I recently attended a webinar in which Jacob Bart of Stroock & Stroock & Lavan LLP spoke about how the costs of going “green” can conflict with the provisions in many existing leases. It is common for landlords to “pass through” operating expenses to their tenants, but those expenses are usually limited to non-capital expenditures. However, any changes to make a building more energy efficient or to reduce carbon emissions will likely be capital in nature. Therefore, it is difficult for a landlord to make those green changes because the landlord will not be reimbursed for the cost from the tenants. One way to address this is to allow the landlord to pass through capital expenses if they result in a savings of operating expenses.

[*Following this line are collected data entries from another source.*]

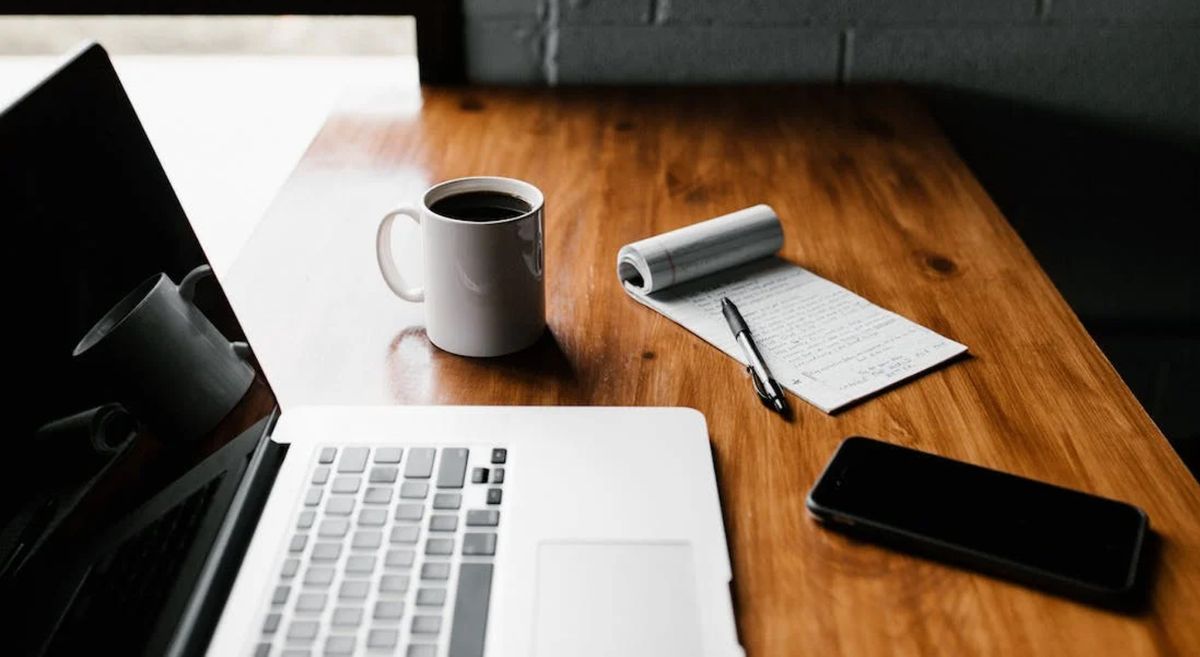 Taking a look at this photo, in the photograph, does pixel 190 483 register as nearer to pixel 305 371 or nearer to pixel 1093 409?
pixel 305 371

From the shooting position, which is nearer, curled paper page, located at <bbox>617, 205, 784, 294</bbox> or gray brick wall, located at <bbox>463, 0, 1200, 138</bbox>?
curled paper page, located at <bbox>617, 205, 784, 294</bbox>

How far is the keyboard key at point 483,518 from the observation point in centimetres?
64

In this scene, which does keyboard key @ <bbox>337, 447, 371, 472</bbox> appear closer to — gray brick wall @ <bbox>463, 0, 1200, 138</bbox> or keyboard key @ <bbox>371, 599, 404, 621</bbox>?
keyboard key @ <bbox>371, 599, 404, 621</bbox>

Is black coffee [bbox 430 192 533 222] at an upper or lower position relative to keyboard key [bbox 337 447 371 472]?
upper

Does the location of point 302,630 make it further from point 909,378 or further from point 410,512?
point 909,378

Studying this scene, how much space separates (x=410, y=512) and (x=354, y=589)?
0.07 meters

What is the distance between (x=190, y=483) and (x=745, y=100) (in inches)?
37.7

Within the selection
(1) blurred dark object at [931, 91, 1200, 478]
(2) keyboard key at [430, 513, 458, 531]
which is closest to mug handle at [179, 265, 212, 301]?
(2) keyboard key at [430, 513, 458, 531]

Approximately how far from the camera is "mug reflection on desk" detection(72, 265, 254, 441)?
59 cm

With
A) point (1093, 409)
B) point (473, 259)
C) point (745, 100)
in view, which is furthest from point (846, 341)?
point (745, 100)

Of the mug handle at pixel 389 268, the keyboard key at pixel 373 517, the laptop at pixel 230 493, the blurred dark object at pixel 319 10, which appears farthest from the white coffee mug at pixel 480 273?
the blurred dark object at pixel 319 10

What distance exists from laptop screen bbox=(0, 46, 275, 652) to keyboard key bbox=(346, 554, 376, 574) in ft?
0.37

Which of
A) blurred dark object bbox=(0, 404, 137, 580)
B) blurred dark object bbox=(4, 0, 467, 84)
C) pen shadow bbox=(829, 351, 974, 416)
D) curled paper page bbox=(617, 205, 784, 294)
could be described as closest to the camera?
blurred dark object bbox=(0, 404, 137, 580)

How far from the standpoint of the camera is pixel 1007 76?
1476 mm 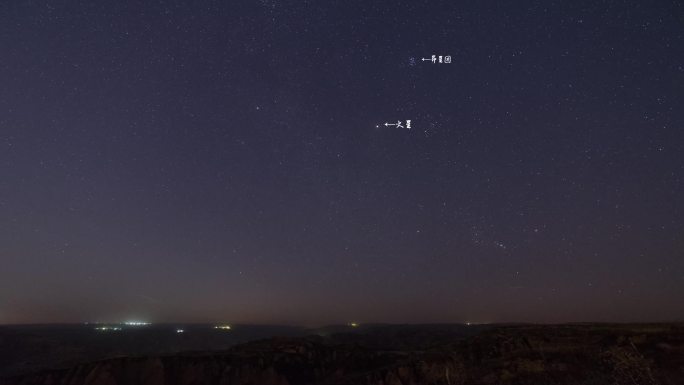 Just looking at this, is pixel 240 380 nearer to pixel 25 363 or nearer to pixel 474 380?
pixel 474 380

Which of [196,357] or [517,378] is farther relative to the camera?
[196,357]

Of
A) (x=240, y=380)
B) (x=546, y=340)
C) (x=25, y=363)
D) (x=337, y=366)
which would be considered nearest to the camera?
(x=546, y=340)

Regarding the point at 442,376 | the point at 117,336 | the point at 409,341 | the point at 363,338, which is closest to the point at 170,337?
the point at 117,336

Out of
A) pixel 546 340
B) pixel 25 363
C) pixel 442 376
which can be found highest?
pixel 546 340

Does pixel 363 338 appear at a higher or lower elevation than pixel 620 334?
lower

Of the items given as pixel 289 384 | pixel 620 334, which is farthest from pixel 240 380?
pixel 620 334

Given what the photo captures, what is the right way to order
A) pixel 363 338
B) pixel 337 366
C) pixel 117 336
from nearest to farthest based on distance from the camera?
pixel 337 366
pixel 363 338
pixel 117 336

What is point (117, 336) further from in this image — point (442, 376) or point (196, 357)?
point (442, 376) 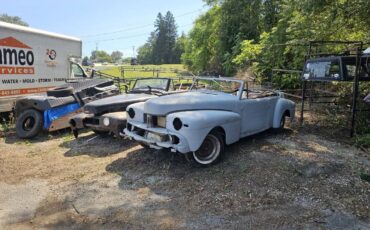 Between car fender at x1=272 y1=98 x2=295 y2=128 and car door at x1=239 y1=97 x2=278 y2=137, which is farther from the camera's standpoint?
car fender at x1=272 y1=98 x2=295 y2=128

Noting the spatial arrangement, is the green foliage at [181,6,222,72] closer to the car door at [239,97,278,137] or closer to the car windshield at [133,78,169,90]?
the car windshield at [133,78,169,90]

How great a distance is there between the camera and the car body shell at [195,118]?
5.81 m

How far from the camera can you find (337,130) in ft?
31.4

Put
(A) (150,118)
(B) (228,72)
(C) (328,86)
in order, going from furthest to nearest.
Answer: (B) (228,72), (C) (328,86), (A) (150,118)

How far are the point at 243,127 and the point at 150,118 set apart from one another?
1.86m

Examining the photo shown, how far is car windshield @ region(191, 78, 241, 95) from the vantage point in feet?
24.3

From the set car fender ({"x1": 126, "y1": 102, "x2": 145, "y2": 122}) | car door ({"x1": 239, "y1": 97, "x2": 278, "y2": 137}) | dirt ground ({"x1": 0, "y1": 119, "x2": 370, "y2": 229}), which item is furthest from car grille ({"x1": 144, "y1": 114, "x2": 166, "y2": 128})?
car door ({"x1": 239, "y1": 97, "x2": 278, "y2": 137})

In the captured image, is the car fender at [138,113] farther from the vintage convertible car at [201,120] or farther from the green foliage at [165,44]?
the green foliage at [165,44]

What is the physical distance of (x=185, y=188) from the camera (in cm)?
552

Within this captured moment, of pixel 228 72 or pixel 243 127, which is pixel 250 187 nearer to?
pixel 243 127

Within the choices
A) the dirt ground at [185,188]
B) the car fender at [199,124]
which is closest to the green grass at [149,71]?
the dirt ground at [185,188]

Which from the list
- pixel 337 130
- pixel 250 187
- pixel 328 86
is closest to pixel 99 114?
pixel 250 187

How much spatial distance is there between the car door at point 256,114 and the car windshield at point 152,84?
8.50 feet

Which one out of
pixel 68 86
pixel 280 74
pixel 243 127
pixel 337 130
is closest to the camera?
pixel 243 127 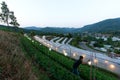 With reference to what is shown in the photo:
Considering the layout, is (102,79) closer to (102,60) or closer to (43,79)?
(43,79)

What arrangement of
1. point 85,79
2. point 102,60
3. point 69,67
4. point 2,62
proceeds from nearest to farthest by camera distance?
point 2,62, point 85,79, point 69,67, point 102,60

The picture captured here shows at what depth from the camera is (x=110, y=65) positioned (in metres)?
28.7

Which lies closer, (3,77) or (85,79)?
(3,77)

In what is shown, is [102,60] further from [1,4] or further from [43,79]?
[1,4]

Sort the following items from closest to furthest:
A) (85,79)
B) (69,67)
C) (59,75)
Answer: (59,75), (85,79), (69,67)

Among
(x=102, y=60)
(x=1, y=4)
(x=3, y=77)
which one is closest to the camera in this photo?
(x=3, y=77)

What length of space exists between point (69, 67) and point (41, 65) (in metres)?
4.28

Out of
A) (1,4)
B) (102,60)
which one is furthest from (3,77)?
(1,4)

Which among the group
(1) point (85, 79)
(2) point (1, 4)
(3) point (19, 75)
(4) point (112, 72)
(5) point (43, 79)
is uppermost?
(2) point (1, 4)

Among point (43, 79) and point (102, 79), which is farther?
point (102, 79)

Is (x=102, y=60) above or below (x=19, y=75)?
below

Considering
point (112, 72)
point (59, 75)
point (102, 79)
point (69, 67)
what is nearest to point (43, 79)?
point (59, 75)

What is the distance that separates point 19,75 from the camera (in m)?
10.0

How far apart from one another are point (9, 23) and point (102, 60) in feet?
229
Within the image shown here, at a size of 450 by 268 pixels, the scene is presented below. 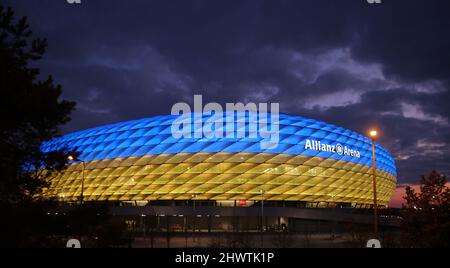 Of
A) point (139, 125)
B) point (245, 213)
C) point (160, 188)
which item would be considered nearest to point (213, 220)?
point (245, 213)

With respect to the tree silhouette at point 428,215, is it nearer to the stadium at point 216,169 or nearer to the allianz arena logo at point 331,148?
the stadium at point 216,169

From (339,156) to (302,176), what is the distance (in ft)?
29.0

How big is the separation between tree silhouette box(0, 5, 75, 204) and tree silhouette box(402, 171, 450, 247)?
14.2m

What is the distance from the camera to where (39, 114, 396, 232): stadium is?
196 ft

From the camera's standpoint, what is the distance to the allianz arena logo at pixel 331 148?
6281 centimetres

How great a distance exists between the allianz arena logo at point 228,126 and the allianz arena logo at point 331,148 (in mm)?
5391

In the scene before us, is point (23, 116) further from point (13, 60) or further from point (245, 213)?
point (245, 213)

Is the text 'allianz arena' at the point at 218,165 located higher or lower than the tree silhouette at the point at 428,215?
higher

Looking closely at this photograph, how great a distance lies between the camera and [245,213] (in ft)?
198

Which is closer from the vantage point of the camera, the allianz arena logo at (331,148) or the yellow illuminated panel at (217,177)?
the yellow illuminated panel at (217,177)

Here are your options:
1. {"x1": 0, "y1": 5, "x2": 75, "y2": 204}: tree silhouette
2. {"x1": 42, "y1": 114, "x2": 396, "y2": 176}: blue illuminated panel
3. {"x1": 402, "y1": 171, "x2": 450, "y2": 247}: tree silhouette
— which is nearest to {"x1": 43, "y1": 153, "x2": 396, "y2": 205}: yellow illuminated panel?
{"x1": 42, "y1": 114, "x2": 396, "y2": 176}: blue illuminated panel

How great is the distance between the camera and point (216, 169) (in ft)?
196

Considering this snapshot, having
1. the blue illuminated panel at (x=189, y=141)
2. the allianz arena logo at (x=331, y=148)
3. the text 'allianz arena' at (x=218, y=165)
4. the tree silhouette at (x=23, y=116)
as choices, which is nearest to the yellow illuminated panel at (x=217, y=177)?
the text 'allianz arena' at (x=218, y=165)

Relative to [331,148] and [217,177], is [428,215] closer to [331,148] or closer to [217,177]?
[217,177] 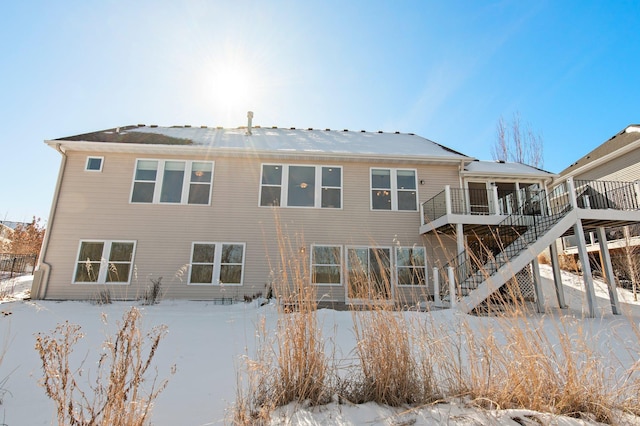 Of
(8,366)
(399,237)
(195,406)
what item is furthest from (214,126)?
(195,406)

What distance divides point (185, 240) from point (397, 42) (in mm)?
8852

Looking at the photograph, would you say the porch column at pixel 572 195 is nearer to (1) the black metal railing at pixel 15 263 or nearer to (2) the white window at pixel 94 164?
(2) the white window at pixel 94 164

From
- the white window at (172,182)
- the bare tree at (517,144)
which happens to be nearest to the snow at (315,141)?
the white window at (172,182)

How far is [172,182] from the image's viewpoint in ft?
32.9

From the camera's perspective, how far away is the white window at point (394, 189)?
10.3 metres

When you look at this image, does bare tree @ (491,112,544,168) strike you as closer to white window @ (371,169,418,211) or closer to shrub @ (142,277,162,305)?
white window @ (371,169,418,211)

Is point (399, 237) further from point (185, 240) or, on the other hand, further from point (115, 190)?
point (115, 190)

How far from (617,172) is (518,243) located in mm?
10273

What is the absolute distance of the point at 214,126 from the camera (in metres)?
12.9

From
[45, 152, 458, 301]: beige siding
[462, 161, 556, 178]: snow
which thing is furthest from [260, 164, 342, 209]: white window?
[462, 161, 556, 178]: snow

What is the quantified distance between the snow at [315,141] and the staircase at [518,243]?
279 centimetres

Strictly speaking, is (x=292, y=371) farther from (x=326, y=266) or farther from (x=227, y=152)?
(x=227, y=152)

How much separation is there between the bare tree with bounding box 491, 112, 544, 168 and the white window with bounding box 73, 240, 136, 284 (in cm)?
2726

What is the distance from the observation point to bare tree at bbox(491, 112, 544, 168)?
24359 mm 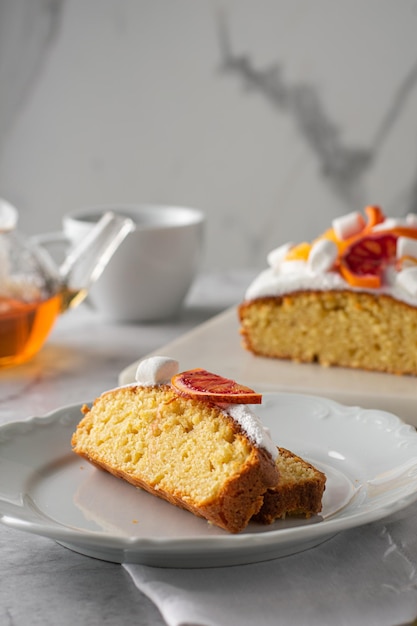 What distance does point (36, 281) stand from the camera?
8.73ft

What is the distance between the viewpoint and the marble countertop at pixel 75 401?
4.43ft

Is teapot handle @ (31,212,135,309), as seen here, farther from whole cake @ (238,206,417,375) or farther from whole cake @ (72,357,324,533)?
whole cake @ (72,357,324,533)

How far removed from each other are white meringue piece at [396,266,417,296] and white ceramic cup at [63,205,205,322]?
87 centimetres

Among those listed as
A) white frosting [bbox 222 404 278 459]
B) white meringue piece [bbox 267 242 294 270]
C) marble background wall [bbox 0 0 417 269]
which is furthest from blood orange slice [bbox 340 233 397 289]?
marble background wall [bbox 0 0 417 269]

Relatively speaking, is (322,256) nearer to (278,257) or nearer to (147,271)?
(278,257)

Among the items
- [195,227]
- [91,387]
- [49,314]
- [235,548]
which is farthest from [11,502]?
[195,227]

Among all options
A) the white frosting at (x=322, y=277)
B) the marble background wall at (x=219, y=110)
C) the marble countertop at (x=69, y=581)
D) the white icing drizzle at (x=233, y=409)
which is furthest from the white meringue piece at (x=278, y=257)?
the marble background wall at (x=219, y=110)

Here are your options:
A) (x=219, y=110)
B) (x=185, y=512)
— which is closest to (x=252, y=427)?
(x=185, y=512)

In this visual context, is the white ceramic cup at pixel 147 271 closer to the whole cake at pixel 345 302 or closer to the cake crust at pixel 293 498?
the whole cake at pixel 345 302

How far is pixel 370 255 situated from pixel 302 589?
4.12 ft

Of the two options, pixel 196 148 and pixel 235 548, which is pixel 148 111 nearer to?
pixel 196 148

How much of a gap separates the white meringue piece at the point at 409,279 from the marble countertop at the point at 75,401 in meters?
0.81

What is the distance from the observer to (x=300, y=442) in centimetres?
185

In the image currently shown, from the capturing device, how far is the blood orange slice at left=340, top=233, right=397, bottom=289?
2.46 m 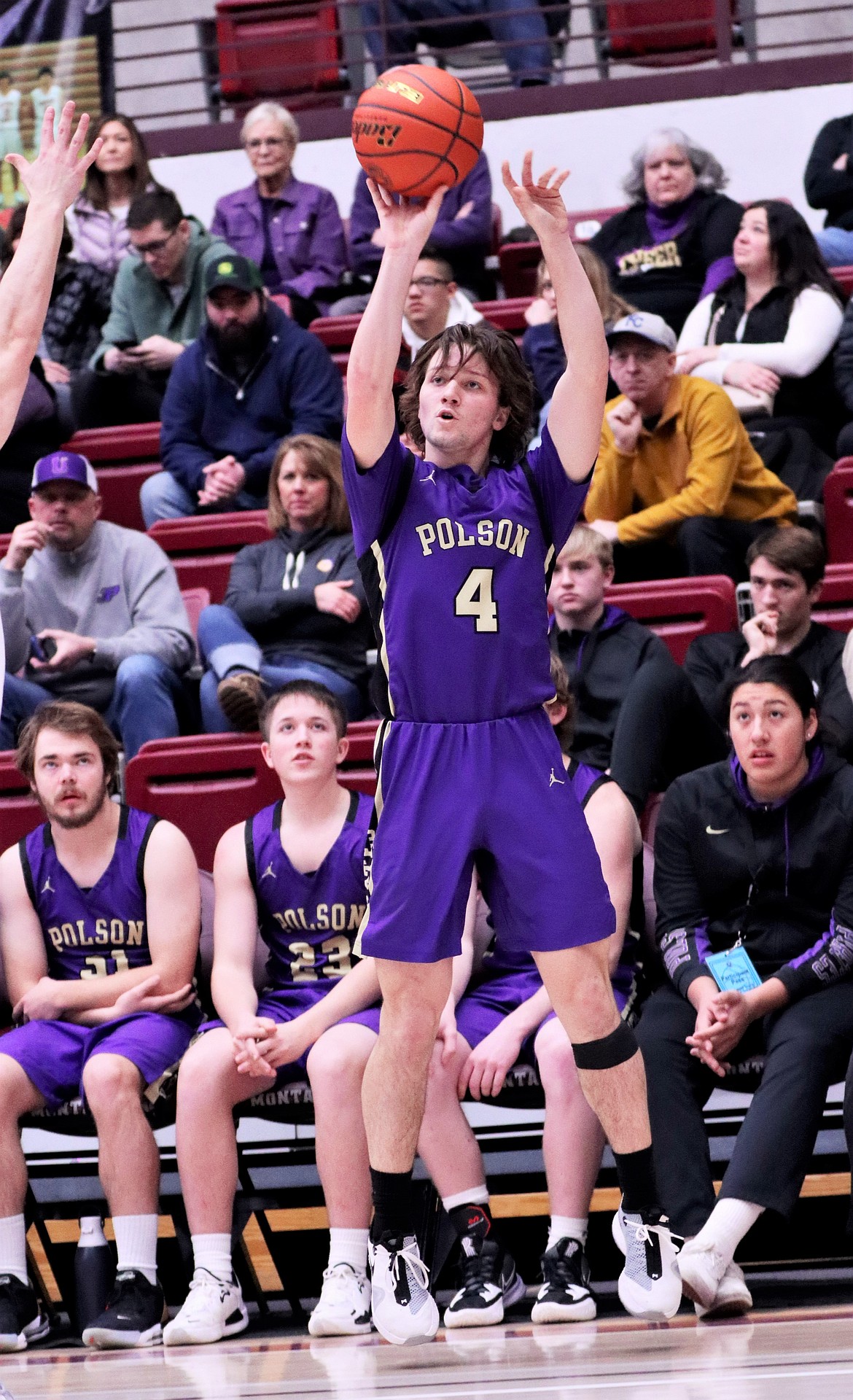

But what if the new equipment is better for the environment, but won’t save much money? I recently had a chance to speak with Lee Johnson and Michael Noyes from the Greenwood Village office of the accounting firm Clifton Gunderson LLP about a tax deduction for energy saving improvements in commercial buildings under Section 179D of the Internal Revenue Code. This may provide an incentive for Landlord’s to make cost-saving capital improvements even if the landlord cannot pass them through to its tenants.
As tenants desire green buildings, not only for cost savings, but also for prestige and marketing purposes, it will be interesting to see if there are changes in the traditional allocation in leases of capital and operating costs between landlord and tenant.